Note that it is not necessary that a plurality of recessed portions 2 a be provided as is exemplified herein; it suffices if at least one recessed portion 2 a is provided. For example, in the case where a pixel is divided into two regions, liquid crystal domains with axisymmetric orientations can be created by providing only one oblong recessed portion 2 a. Moreover, an aperture may be provided instead of a recessed portion 2 a (or in addition to a recessed portion 2 a). In the case where an aperture is provided in the pixel electrode 2, as in the case of a recessed portion 2 a, an oblique electric field is formed in any aperture surrounded by the electrically-conductive film of the pixel electrode 2, thus defining the directions in which the liquid crystal molecules 51 are tilted due to an electric field.

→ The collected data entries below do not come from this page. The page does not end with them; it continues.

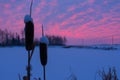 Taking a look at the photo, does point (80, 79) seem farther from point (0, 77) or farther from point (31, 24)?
point (31, 24)

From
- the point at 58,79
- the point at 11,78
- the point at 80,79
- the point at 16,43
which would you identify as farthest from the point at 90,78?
the point at 16,43

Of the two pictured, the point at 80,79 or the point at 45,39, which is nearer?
the point at 45,39

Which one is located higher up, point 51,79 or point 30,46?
point 30,46

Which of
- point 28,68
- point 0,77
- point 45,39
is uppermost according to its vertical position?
point 45,39

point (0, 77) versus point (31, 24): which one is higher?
point (31, 24)

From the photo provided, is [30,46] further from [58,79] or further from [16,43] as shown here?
[16,43]

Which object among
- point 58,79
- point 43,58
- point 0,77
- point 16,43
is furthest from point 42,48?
point 16,43

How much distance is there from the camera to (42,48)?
3.68 feet

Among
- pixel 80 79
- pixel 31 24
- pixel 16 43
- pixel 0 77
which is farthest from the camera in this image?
pixel 16 43

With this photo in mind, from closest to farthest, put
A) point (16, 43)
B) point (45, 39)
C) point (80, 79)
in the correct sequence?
point (45, 39), point (80, 79), point (16, 43)

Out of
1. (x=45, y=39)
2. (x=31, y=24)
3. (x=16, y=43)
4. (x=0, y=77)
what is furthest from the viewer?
(x=16, y=43)

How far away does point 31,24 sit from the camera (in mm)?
1051

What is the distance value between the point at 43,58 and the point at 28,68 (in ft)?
0.30

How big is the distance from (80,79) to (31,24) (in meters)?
9.94
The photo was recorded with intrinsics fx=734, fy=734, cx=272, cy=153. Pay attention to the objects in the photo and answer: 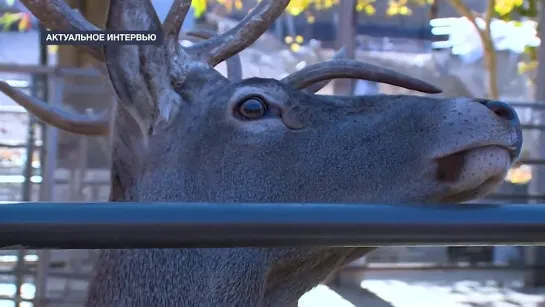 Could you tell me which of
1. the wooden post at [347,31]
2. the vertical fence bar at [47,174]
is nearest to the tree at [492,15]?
the wooden post at [347,31]

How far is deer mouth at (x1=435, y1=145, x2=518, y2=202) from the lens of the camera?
6.81ft

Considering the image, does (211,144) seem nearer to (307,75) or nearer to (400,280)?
(307,75)

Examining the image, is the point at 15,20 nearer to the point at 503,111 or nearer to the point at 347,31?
the point at 347,31

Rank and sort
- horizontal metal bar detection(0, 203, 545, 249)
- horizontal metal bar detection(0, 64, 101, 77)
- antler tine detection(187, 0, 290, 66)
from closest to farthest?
horizontal metal bar detection(0, 203, 545, 249), antler tine detection(187, 0, 290, 66), horizontal metal bar detection(0, 64, 101, 77)

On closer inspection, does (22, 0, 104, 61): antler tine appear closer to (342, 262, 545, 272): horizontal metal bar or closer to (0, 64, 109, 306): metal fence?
(0, 64, 109, 306): metal fence

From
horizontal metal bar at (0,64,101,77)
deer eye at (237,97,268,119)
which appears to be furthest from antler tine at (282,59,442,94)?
horizontal metal bar at (0,64,101,77)

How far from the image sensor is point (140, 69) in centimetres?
249

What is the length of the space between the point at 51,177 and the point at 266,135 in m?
3.28

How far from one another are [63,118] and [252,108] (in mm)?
1643

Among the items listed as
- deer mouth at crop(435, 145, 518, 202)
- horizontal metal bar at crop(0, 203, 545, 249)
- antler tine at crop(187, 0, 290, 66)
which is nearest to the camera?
horizontal metal bar at crop(0, 203, 545, 249)

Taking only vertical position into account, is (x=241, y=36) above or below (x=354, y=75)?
above

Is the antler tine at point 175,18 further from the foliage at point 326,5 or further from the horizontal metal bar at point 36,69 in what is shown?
the foliage at point 326,5

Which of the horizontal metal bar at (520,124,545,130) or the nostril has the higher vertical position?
the horizontal metal bar at (520,124,545,130)

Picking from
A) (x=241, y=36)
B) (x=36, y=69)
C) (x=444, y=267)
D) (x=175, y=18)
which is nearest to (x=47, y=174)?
(x=36, y=69) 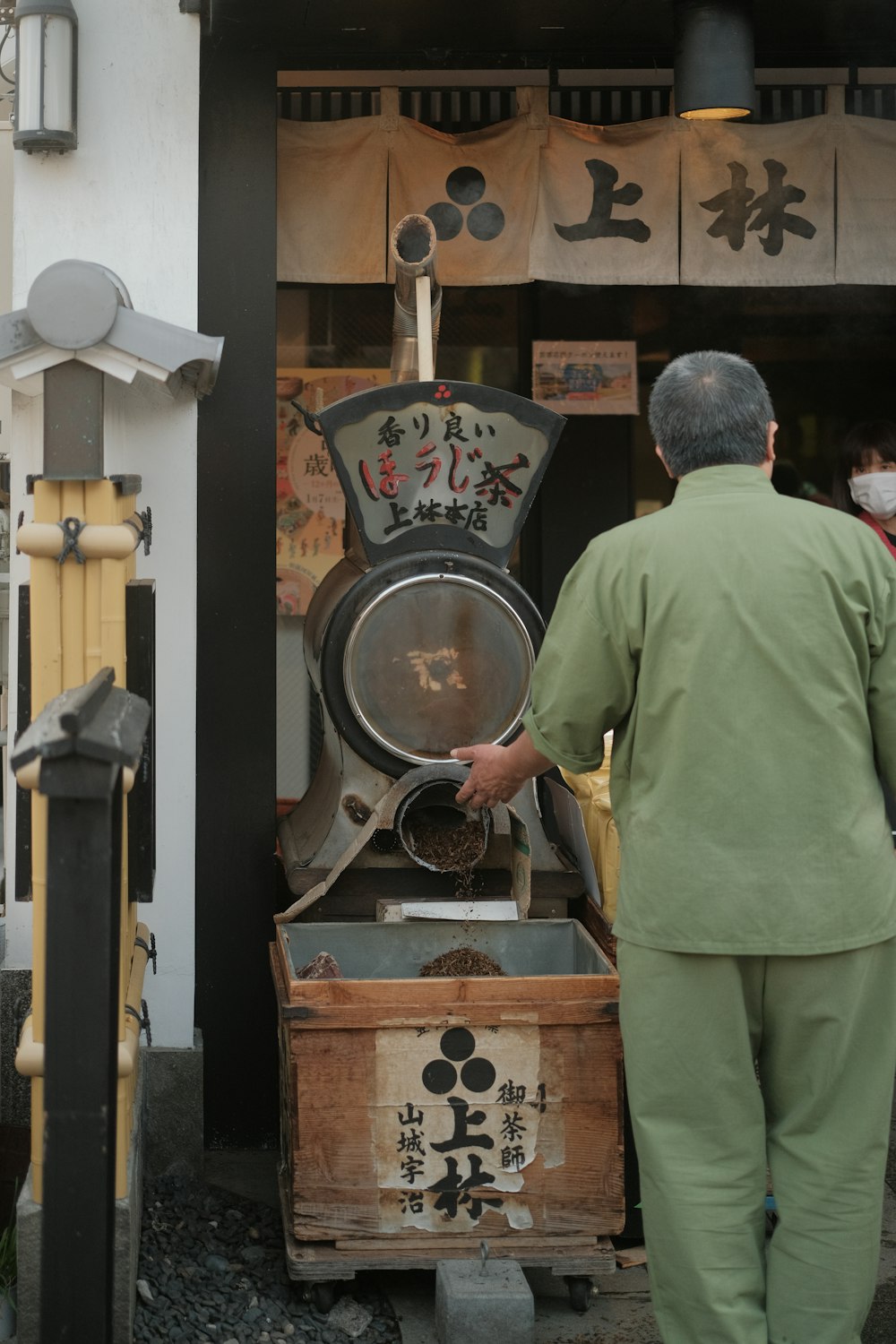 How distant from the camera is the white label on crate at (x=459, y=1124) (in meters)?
5.15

Next, the construction of the liquid crystal display device 100 according to the present embodiment will be described in more detail.

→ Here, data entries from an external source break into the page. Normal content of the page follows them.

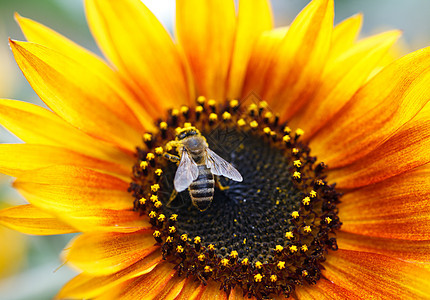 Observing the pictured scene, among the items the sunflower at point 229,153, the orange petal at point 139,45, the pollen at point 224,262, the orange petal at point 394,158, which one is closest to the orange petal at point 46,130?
the sunflower at point 229,153

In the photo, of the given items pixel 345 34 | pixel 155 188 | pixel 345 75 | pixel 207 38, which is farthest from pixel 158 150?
pixel 345 34

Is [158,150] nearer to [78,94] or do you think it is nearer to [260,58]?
[78,94]

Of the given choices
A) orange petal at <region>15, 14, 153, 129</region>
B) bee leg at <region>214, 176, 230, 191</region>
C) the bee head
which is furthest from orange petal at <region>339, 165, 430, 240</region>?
orange petal at <region>15, 14, 153, 129</region>

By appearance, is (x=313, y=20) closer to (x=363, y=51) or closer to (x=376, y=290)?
(x=363, y=51)

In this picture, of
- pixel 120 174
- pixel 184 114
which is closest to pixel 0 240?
pixel 120 174

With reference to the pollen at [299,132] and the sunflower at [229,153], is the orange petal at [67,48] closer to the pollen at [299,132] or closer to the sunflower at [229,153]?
the sunflower at [229,153]

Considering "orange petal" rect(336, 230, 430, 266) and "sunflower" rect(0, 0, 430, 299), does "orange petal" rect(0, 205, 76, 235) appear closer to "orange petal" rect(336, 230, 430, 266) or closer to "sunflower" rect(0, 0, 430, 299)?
"sunflower" rect(0, 0, 430, 299) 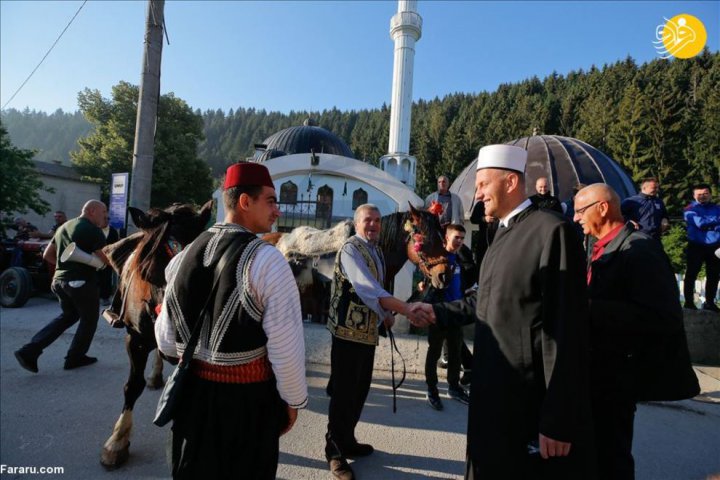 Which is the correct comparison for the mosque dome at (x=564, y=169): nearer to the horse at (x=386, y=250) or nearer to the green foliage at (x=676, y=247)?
the green foliage at (x=676, y=247)

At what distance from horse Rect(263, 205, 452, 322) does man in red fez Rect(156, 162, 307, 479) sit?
2.16 metres

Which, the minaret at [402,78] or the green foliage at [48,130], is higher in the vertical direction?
the green foliage at [48,130]

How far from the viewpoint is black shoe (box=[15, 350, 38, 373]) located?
449cm

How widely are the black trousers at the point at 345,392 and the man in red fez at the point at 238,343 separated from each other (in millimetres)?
1151

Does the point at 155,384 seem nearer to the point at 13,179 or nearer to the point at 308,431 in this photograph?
the point at 308,431

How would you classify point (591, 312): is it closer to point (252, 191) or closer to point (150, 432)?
point (252, 191)

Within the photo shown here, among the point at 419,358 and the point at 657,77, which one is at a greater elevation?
the point at 657,77

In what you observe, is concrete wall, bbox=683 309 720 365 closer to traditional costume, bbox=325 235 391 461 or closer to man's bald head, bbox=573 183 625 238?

As shown in FIG. 1 to FIG. 3, the active matrix substrate 60 of the liquid crystal display device 100 includes auxiliary electrodes 4 to which a different potential from that for the pixel electrode 2 is applied. As shown in FIG. 3, an auxiliary electrode 4 in the present embodiment is connected to the storage capacitor line 16 through a contact hole which is formed in the gate insulating film 13, whereby a potential (e.g., the same potential as that for the counter electrode 3 as will be described later) which is different from that for the pixel electrode 2 can be applied to the auxiliary electrode 4.

As shown in FIG. 1, an auxiliary electrode 4 includes portions 4 a which overlap the recessed portions 2 a of the pixel electrode 2, and a portion 4 b which is located near the outer periphery of the pixel electrode 2. Moreover, the auxiliary electrode 4 is made of the same film as the semiconductor layer 12 of the thin film transistor 1. In other words, the auxiliary electrode 4 is formed concurrently with the semiconductor layer 12 by patterning the semiconductor film for forming the semiconductor layer 12 of the thin film transistor 1.

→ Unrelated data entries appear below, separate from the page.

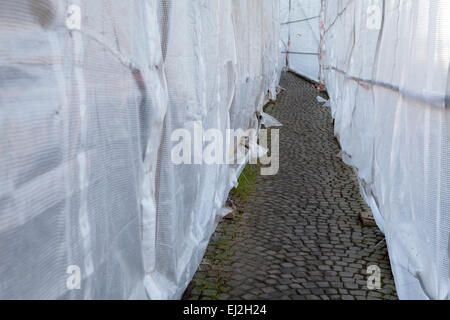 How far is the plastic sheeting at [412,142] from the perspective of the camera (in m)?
2.34

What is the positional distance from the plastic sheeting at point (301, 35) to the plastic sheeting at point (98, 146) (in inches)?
557

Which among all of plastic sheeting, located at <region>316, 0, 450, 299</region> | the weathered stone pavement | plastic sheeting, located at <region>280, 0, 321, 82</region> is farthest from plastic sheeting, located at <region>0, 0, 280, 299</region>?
plastic sheeting, located at <region>280, 0, 321, 82</region>

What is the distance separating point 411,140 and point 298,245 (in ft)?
4.46

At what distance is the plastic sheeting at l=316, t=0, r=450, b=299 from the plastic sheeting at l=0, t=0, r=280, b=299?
1.46m

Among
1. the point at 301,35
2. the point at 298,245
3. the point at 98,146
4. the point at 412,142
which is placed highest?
the point at 301,35

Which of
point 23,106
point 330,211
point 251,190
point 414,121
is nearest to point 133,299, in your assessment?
point 23,106

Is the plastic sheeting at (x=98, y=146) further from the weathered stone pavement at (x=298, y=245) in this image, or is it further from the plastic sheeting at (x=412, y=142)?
the plastic sheeting at (x=412, y=142)

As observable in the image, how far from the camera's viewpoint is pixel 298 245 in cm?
375

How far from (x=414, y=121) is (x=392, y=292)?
117 cm

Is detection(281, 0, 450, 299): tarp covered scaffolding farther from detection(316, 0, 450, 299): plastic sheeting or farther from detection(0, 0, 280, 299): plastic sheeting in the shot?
detection(0, 0, 280, 299): plastic sheeting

The liquid crystal display device 100 of the present embodiment includes auxiliary electrodes 4 as described above. By applying a different potential from that for the pixel electrode 2 to each auxiliary electrode 4, it becomes possible to control the intensity of the orientation restriction force due to an oblique electric field. Hereinafter, this point will be described in more detail.

FIG. 5 and FIG. 6 are diagrams showing, by using equipotential lines EQ, electric fields which are created when a voltage is applied across the liquid crystal layer 50. FIG. 5 illustrates a case where auxiliary electrodes 4 are not provided, whereas FIG. 6 illustrates a case where substantially the same potential as that for the counter electrode 3 is applied to an auxiliary electrode 4.

When a voltage is applied across the liquid crystal layer 50, as shown in FIG. 5 and FIG. 6, a potential gradient which is represented by equipotential lines (which are orthogonal to electric lines of force) EQ is created. The equipotential lines EQ run parallel to the substrate surface in the liquid crystal layer 50 which is interposed between the electrically-conductive film of the pixel electrode 2 (i.e., the portion excluding the recessed portions 2 a) and the counter electrode 3, and dip in any region corresponding to the neighborhood of the outer periphery of and the recessed portions 2 a of the pixel electrode 2. Therefore, in the liquid crystal layer 50 in any region corresponding to the neighborhood of the outer periphery of and the recessed portions 2 a of the pixel electrode 2, an oblique electric field which is represented by tilted equipotential lines EQ is created.

In the case where auxiliary electrodes 4 are not provided, as shown in FIG. 5, equipotential lines EQ are continuous between adjoining subpixels, so that the equipotential lines EQ present continuous rises and falls. In other words, a relatively gentle potential gradient is created.

On the other hand, in the case where an auxiliary electrode 4 is provided and substantially the same potential as that for the counter electrode 3 is applied to the auxiliary electrode 4, as shown in FIG. 6, equipotential lines EQ are not continuous between adjoining subpixels, but the equipotential lines EQ abruptly dip above the recessed portion 2 a. Therefore, a steep potential gradient is created in the recessed portion 2 a, thus resulting in a stronger oblique electric field than that shown in FIG. 5. Therefore, a strong orientation restriction force can be obtained.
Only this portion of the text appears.